**WORK INSTRUCTIONS:** Please reproduce the lines of the records below from the one holding "Chopard Ice Cube Pure Mini Ring Chopard" through the one holding "Flight Naughty Nudes Standaard - 001", inclusive, skipping all pictures.

**EXERCISE INPUT:**
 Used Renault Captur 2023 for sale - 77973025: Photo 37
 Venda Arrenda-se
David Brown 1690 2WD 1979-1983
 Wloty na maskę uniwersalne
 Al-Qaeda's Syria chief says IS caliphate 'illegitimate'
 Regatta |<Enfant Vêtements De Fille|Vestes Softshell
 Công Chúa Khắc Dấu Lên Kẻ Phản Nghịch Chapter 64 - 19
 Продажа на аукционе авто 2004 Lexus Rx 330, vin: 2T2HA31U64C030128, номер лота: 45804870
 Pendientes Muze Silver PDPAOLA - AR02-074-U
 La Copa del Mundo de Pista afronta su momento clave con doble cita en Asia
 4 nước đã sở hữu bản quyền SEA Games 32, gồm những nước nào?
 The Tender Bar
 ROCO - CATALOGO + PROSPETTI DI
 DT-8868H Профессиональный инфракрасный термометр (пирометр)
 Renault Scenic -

...

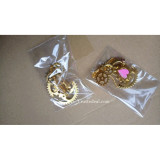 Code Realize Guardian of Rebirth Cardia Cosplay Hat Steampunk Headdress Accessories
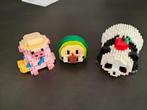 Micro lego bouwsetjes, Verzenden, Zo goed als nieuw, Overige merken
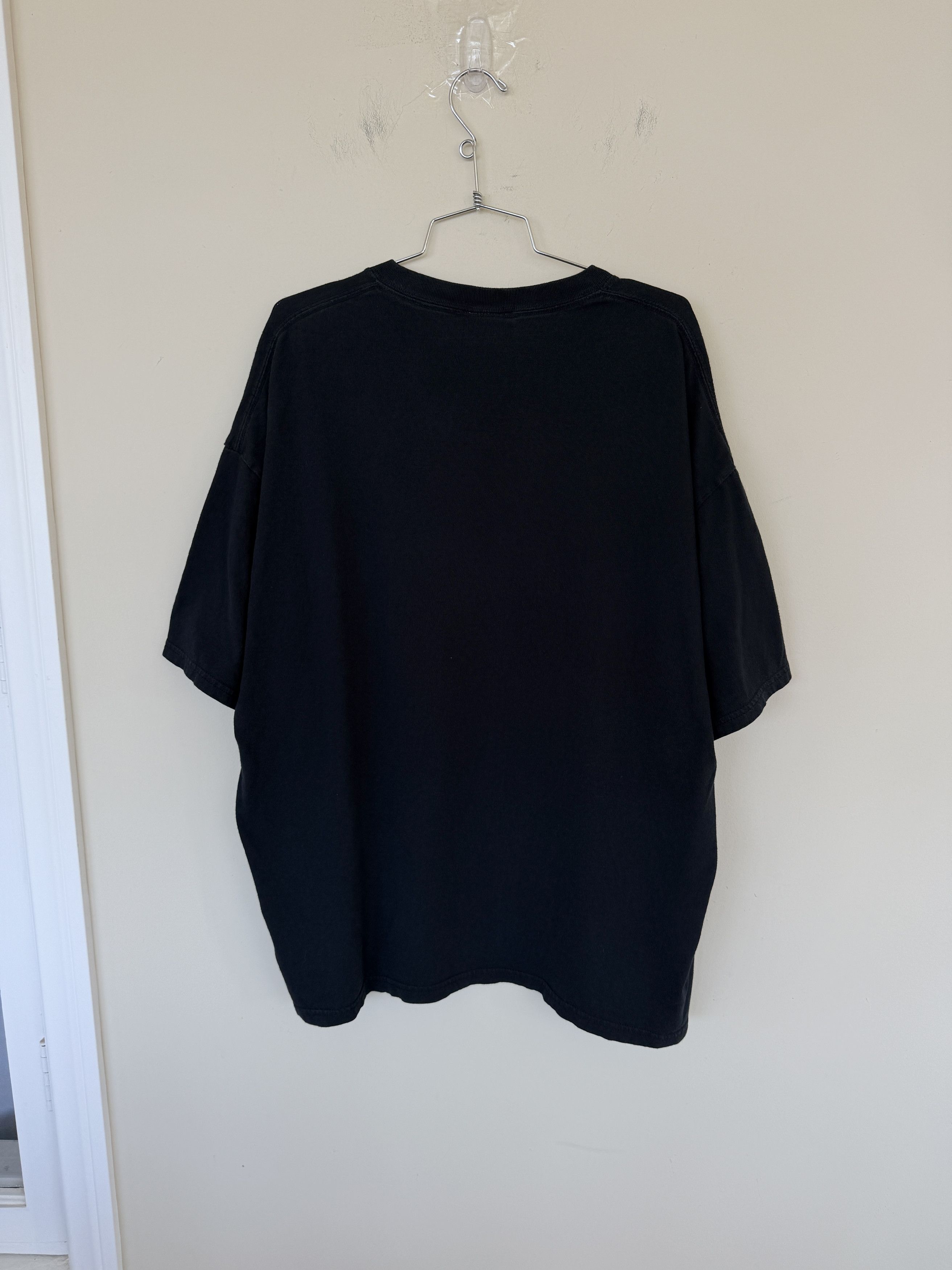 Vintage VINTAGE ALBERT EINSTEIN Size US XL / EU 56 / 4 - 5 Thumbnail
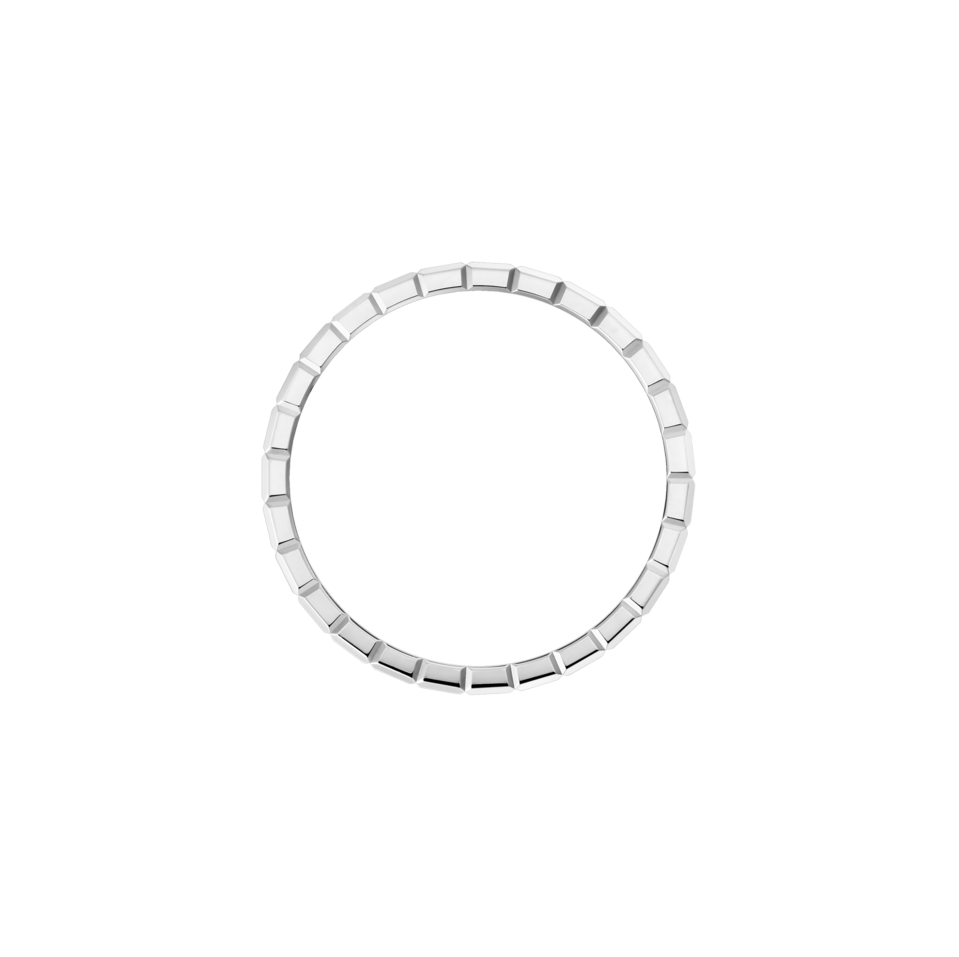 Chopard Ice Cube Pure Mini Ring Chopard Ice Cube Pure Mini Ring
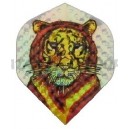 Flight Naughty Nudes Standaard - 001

**OUTPUT FOR THIS TASK:**
 Chopard Ice Cube Pure Mini Ring Chopard Ice Cube Pure Mini Ring
 Flight Naughty Nudes Standaard - 001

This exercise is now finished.